At www.creative-class.org, the website for his consulting group, he says that, since 1980, the “creative class” has grown from 20 percent of the workforce to more than 30 percent—38 million people. “The great creative sector of the economy accounts for nearly half of all salary and wages in this country, $1.7 trillion, as much as the manufacturing and service sectors combined.” San Francisco heads his list of the top “creative” cities, followed by Austin, San Diego, Boston, and Seattle. Their products: “cutting-edge entertainment in southern California, new financial instruments in New York, computer products in northern California and Austin, satellites and telecommunications in Washington, D.C., software and innovative retail in Seattle, biotechnology in Boston.”
Florida’s prescription for struggling cities is two-fold. Instead of aiming chiefly to attract businesses they should focus on enticing young creatives to take up residence. (Business will follow.) And to do that, cities should invest in the kinds of amenities these folks like. (A cultural climate “known for diversity of thought and open-mindedness” is also part of the formula.) City officials around the country have eagerly set off down the creative path. They’ve funded arts projects and music festivals, built sports stadiums and bike paths, and tried to nurture downtown arts and entertainment districts. If they had to raise taxes to pay for these things, so be it.
All of this seemed to make sense in the over-caffeinated days of the dot-com boom, say Joel Kotkin, a senior fellow at Pepperdine University’s Davenport Institute for Public Policy, and Fred Siegel, a professor at The Cooper Union. “Yet virtually all [of Florida’s favored cities] have been hemorrhaging jobs and people since the boom busted,” they observe in Blueprint (2003: No. 6). San Francisco, for instance, has lost jobs at a Depression-era rate, and roughly four percent of its inhabitants have left for “more affordable, if boring, places, such as Sacramento.”
The critics say it was all a mirage. Florida’s larger theory is just a creative repackaging of older theories of economic transition. And his studies are badly flawed. “Although Florida’s book bristles with charts and statistics showing how he constructed his various indexes and where cities rank on them,” writes Malanga, “the professor, incredibly, doesn’t provide any data demonstrating that his creative cities actually have vibrant economies that perform well over time.” Consider job growth. Taken together, the top 10 creative cities on Florida’s list in his book not only did no better on that front than the national economy between 1993 and 2003, they did worse than his 10 least creative cities. These cities, led by Las Vegas, Oklahoma City, and Memphis, Malanga says, “turn out to be jobs powerhouses, adding more than 19 percent to their job totals since 1993—faster growth even than the national economy.”

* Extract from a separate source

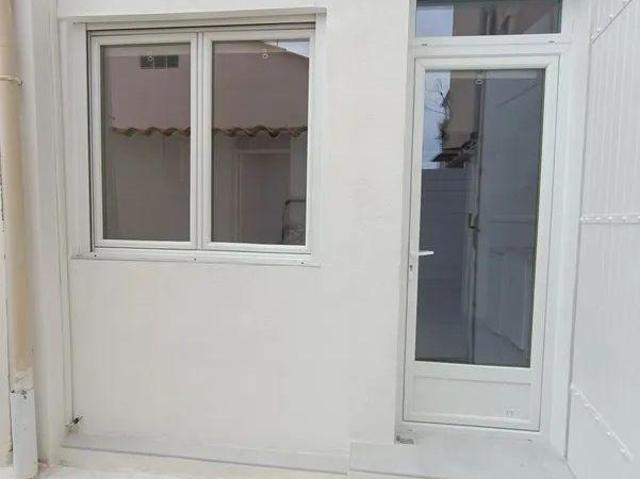 Appartement location à Marseille, Bouches-du-Rhône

Or consider the incubation of fast-growing businesses. A 2001 study by the private National Commission on Entrepreneurship (at www.publicforuminstitute.org/nde/reports/2001-high-growth.pdf) rated cities on how well they hatched high-growth companies in the mid-1990s. (“High-growth” firms are those that grew by 15 percent a year for five consecutive years.) The study put Detroit—which is not among Florida’s top 10—in second place among major cities. And New York, which was on Florida’s most-creative list, finished at the bottom.
Far from being concentrated in high-tech, the study concluded, fast-growing firms “are widely distributed across all industries.”
The creativity-oriented approach to economic growth no longer makes even “passable sense,” Kotkin writes in The American Enterprise (July-Aug. 2003). Instead of dance clubs, art museums, and hip shopping districts, today’s growth hot-spots—such as Boise, Fresno, Fort Worth, and Provo—are more likely to have single-family homes, churches, and malls. Families, not singles, dominate their local economies. For these people, affordability is the number one priority.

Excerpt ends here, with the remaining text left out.